Runway published an engineering post on April 27, 2026, detailing how the company behind Gen-4 video generation and Act-One motion capture more than doubled its GPU utilization on research compute, reaching approximately twice the industry average, without adding hardware or requiring any manual capacity management from team leads.

What Happened

In the post, Runway Platform engineers Matt Kafonek and Brannon Dorsey describe a shift from ad-hoc GPU reservation to a structured queue-based scheduling system built on Kueue, an open-source Kubernetes admission controller maintained by the Kubernetes SIG scheduling group.
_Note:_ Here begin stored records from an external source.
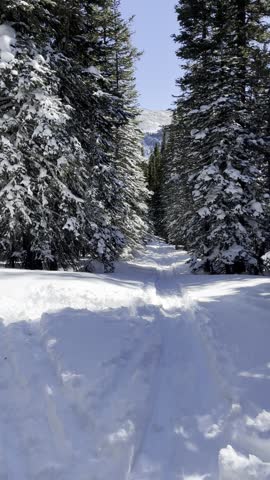 Forest Lakes Trail, James Peak, wilderness, Colorado, snowshoeing, winter, snow, trail, hiking, alpine, forest, pine, trees, mountains, frozen, adventure, backcountry, outdoors, landscape, nature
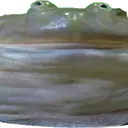 WideFroge2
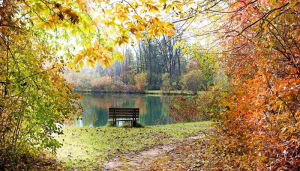 Տաք հոկտեմբերը կշարունակվի. Սուրենյան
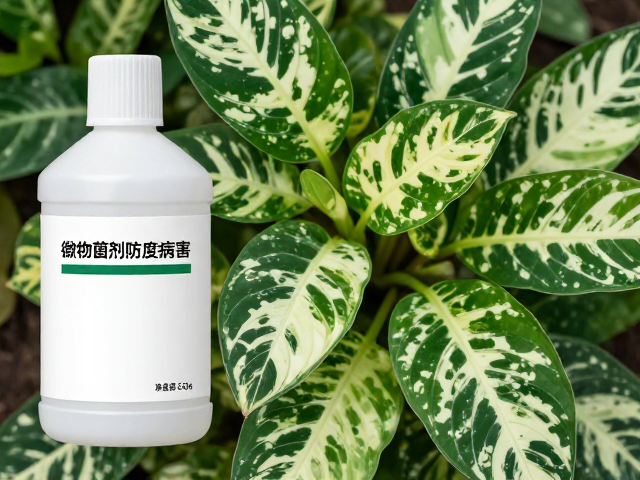 锦类品种对高浓度药物的敏感特性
Before the change, Runway faced a compute utilization problem common to AI research labs: reserved capacity sat idle while teams waited for their dedicated resources, and exploratory workloads queued behind them. The result was low aggregate utilization even when some teams were significantly underusing their allocations.
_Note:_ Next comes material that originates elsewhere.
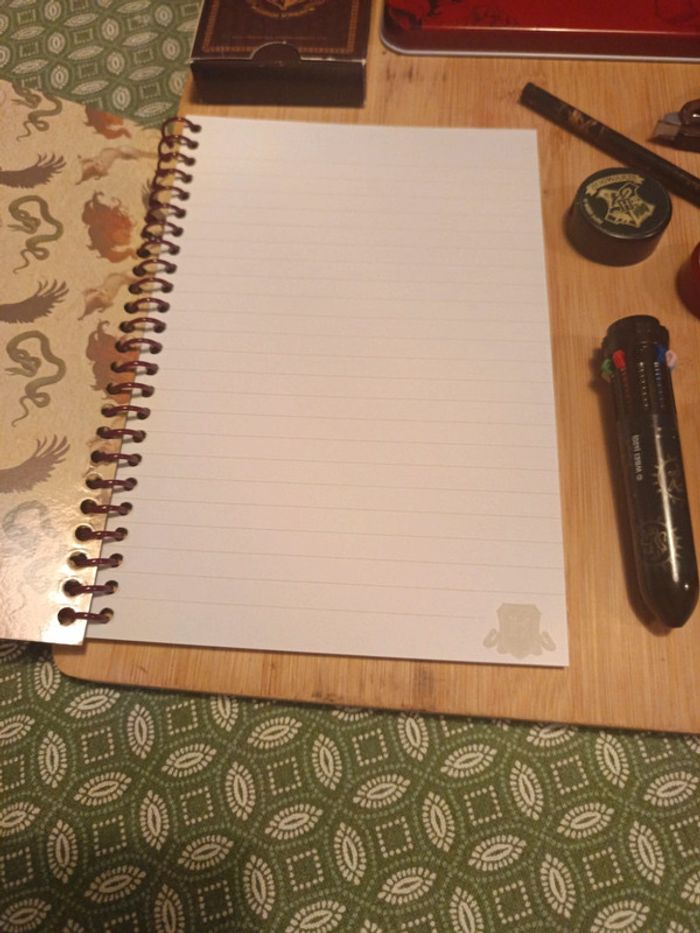 Lot de carnet Harry Potter - photo numéro 3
The solution uses two queue types. Reserved queues give each critical team guaranteed capacity with zero borrowing allowed but full reclaim capability when workloads finish. A shared default queue borrows idle GPU capacity from any reserved queue not currently using its full allocation. When a reserved team reclaims capacity, workloads in the shared pool are preempted. Runway accepts this tradeoff because most research experiments can checkpoint and restart. Preemption can introduce 20 to 30 minute delays due to Kubernetes pod termination grace periods.

Why It Matters

Runway's creative AI products ship research features on a continuous cadence. Gen-4 video generation, Frames, and Act-One motion capture all depend on rapid iteration between research experiments and model updates. The speed at which those products reach creative professionals is directly tied to how efficiently the underlying team can run training cycles.

The outcome from Runway's published data: GPU utilization increased by more than 20 percentage points. The engineering post states the result is "approximately 2x industry norms," a meaningful gap given both the cost of GPU compute and the direct relationship between utilization rates and how many experiments a research team can run per month.
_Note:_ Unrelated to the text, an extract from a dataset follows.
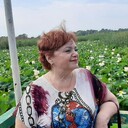  ,   , 65 ,     , c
The change also eliminated the need for team leads to manually track and negotiate GPU allocations, a time-consuming coordination overhead that scales poorly as teams grow.

Key Details

  • Tool: Kueue (open source, Kubernetes SIG admission controller)
  • Result: 20-plus percentage point increase in GPU utilization; approximately 2x industry average
  • Reserved queues: guaranteed capacity for critical teams, zero borrowing, automatic reclaim
  • Default queue: opportunistic pool that borrows idle capacity across all reserved queues
  • Tradeoff: preemption can delay shared workloads by 20 to 30 minutes
  • Published by Matt Kafonek and Brannon Dorsey, Runway Platform team

What to Do Next

For teams running AI model training or research on shared Kubernetes infrastructure, the queue-borrowing pattern Runway describes is directly replicable with the same open-source tooling. The key architectural insight is that guaranteed capacity and opportunistic borrowing are not mutually exclusive when preemption is enabled.